You would need to store the uninterned symbol in some sort of data structure, to then be able to fetch the symbol. Alternatively, store the defined function in some sort of data structure.
Surprisingly, CLISP bug 180 isn't actually an ANSI CL conformance bug. Not only that, but evidently, ANSI Common Lisp is itself so broken in this regard that even the progn based workaround is a courtesy of the implementation.
Common Lisp is a language intended for compilation, and compilation produces issues regarding the identity of objects which are placed into compiled files and later loaded ("externalized" objects). ANSI Common Lisp requires that literal objects reproduced from compiled files are only similar to the original objects. (CLHS 3.2.4 Literal Objects in Compiled Files).

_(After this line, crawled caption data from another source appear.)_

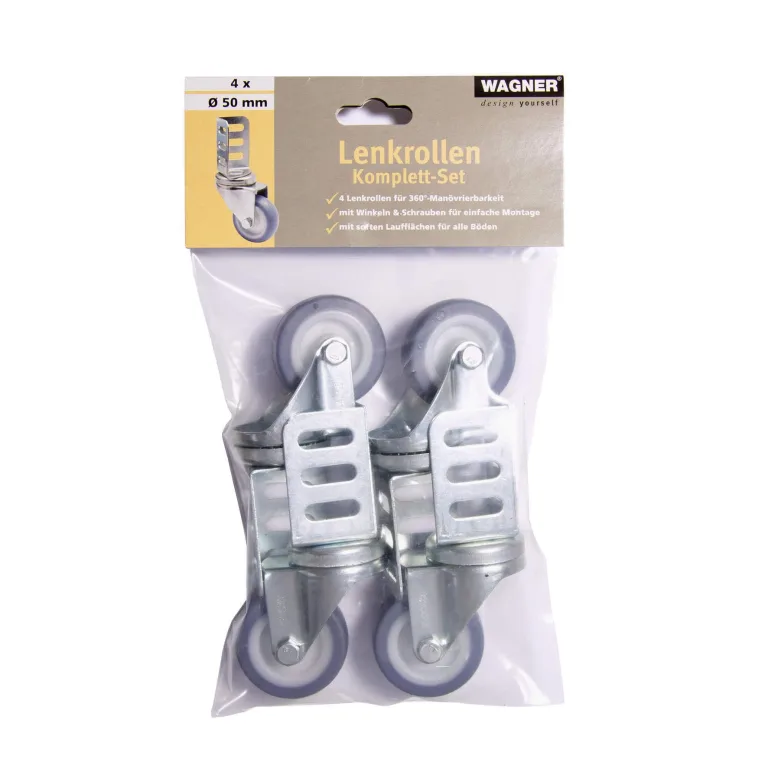 WAGNER Design Lenkrollen für Hochbeet growbox Light aus GrowFAMILY 4tlg. Set - Stahl verzinkt, Anschraubwinkel, Softlauffläche, Durchmesser Ø 50 mm, Bauhöhe 70 mm, Tragkraft 50 kg/Rolle - 02315000 – Bild 5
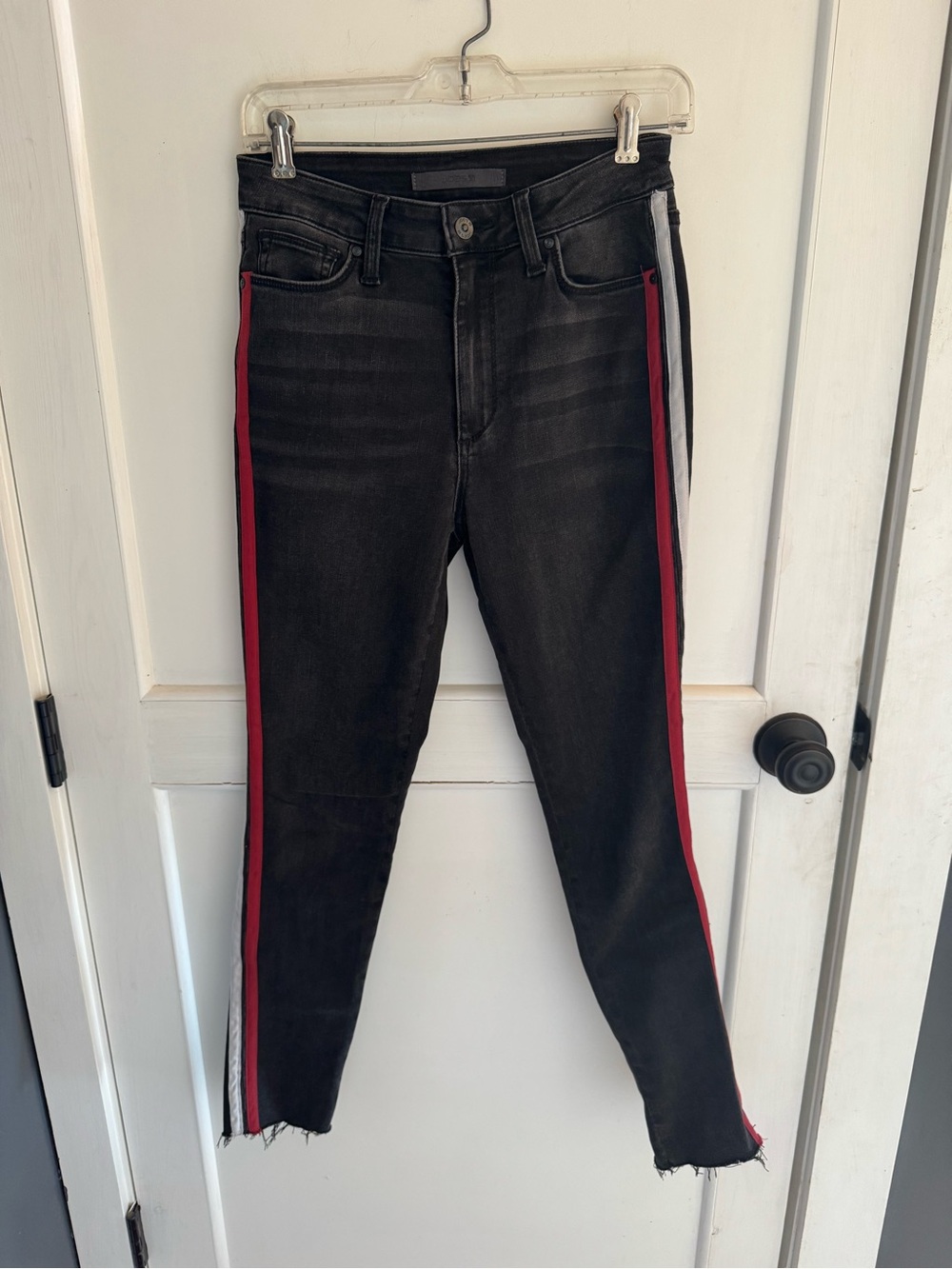 Joe's Jeans Black Skinny Jeans with Red and White Side Stripes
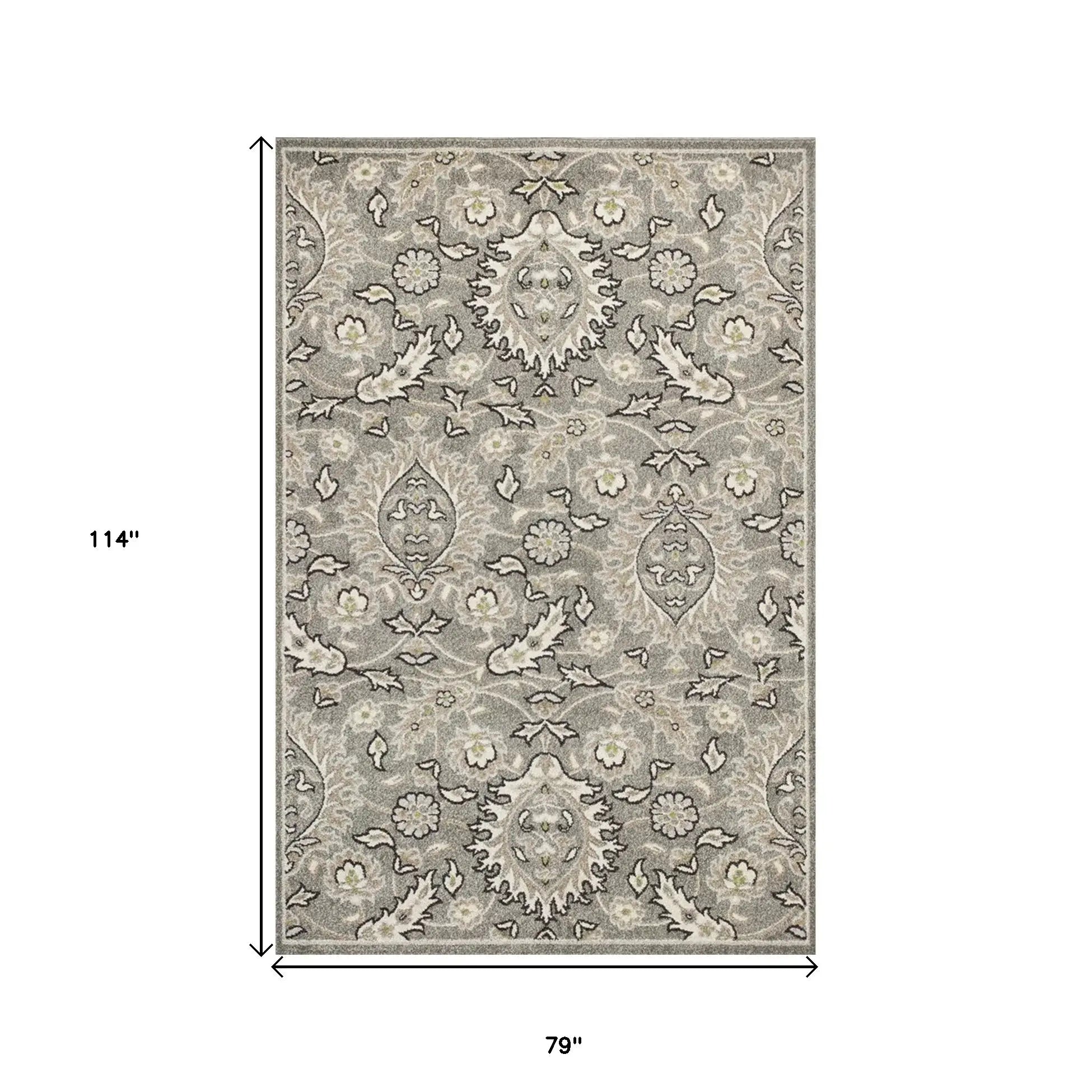 7' X 9' Gray and Ivory Floral Vines Area Rug With UV Protection - Homeroots - Flyclothing LLC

Firstly, according to the definition similarity (3.2.4.2.2 Definition of Similarity), the rules for uninterned symbols is that similarity is name based. If we compile code with a literal that contains an uninterned symbol, then when we load the compiled file, we get a symbol which is similar and not (necessarily) the same object: a symbol which has the same name.
What if the same uninterned symbol is inserted into two different top-level forms which are then compiled as a file? When the file is loaded, are those two similar to each other at least? No, there is no such requirement.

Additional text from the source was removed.